Middle East Research Institute
Panel chairman Henriette Johansen explained that internally displaced persons (IDPs) from Nineveh Province experience multiple layers of barriers to their return, some of which are unarticulated or invisible in the milieu of societal concerns stemming from Nineveh’s history of violence and its ongoing challenges with security and public administration.
Panel Three: Beyond Barriers: Contours and Complexities of IDP Return
- Nathanael Nizar Semaan, Archbishop of Hadiab Syriac Catholic Diocese
- Karem Sleman, Spokesperson of Yazidi Spiritual Council
- Elie Abouaoun, Director of MENA Programs, United States Institute of Peace
- Henriette Johansen, Research Fellow, MERI (Moderator)

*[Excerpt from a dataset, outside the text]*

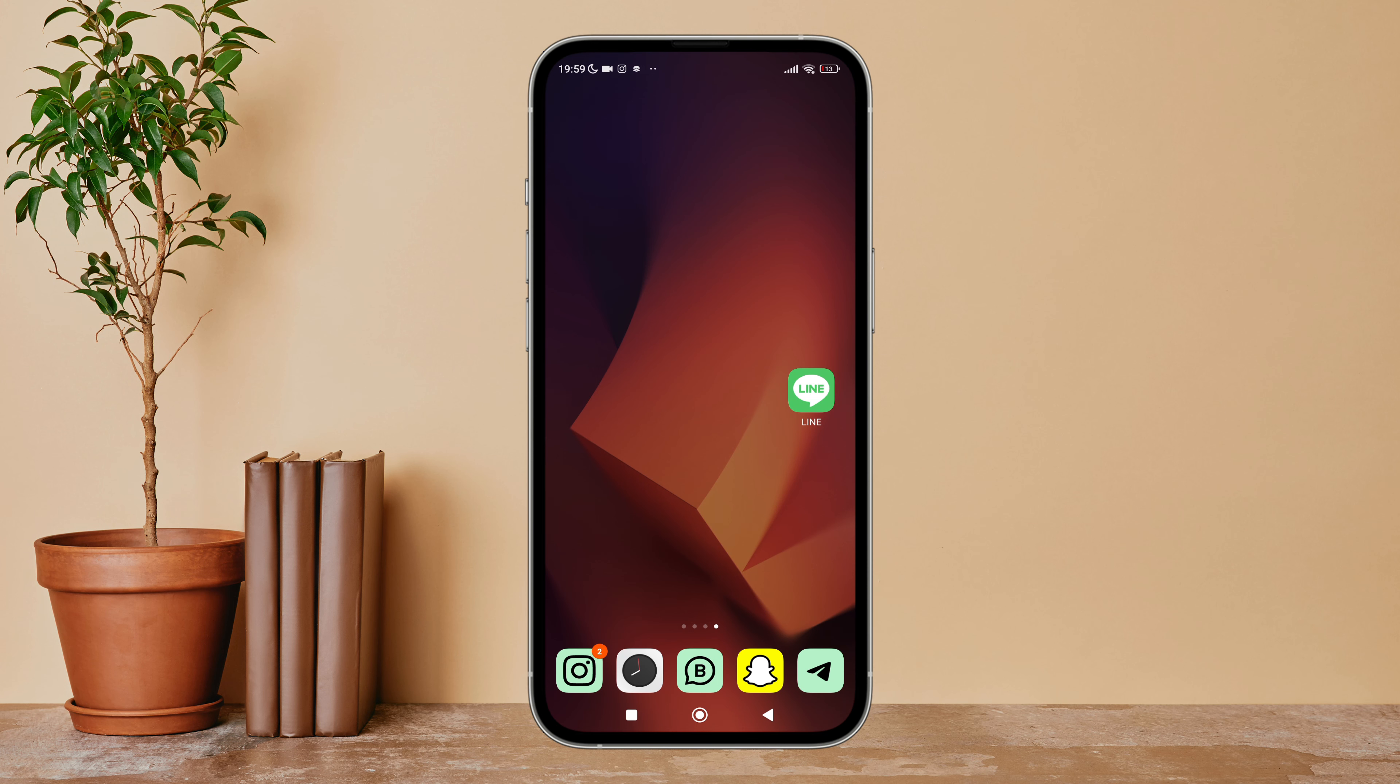Hello everyone, welcome back to another episode of Technology Glance. Today in this video, I'm going to guide you through how you can turn off notifications on LINE. So let's get started.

Within Nineveh’s minority communities, historic legacies of socio economic and political disenfranchisement, war, genocide, and foreign invasion have enervated the will to return. While 4.3 million IDPs have returned, 1.5 million still remain in displacement. Recent government measures, such as rapidly consolidating and closing IDP camps across Nineveh, have sent a new wave of IDPs into critical shelter and extreme living conditions. Expectation and hope for sustainable, voluntary return are diminishing, along with IDPs’ expectation that authorities will deliver on their promises. After protracted displacement, IDPs are feeling the push to integrate into their host communities or emigrate abroad. Johansen explained that, in the ensuing discussion, panelists would be solicited for any actions within their respective remits that could rectify this situation for their constituents.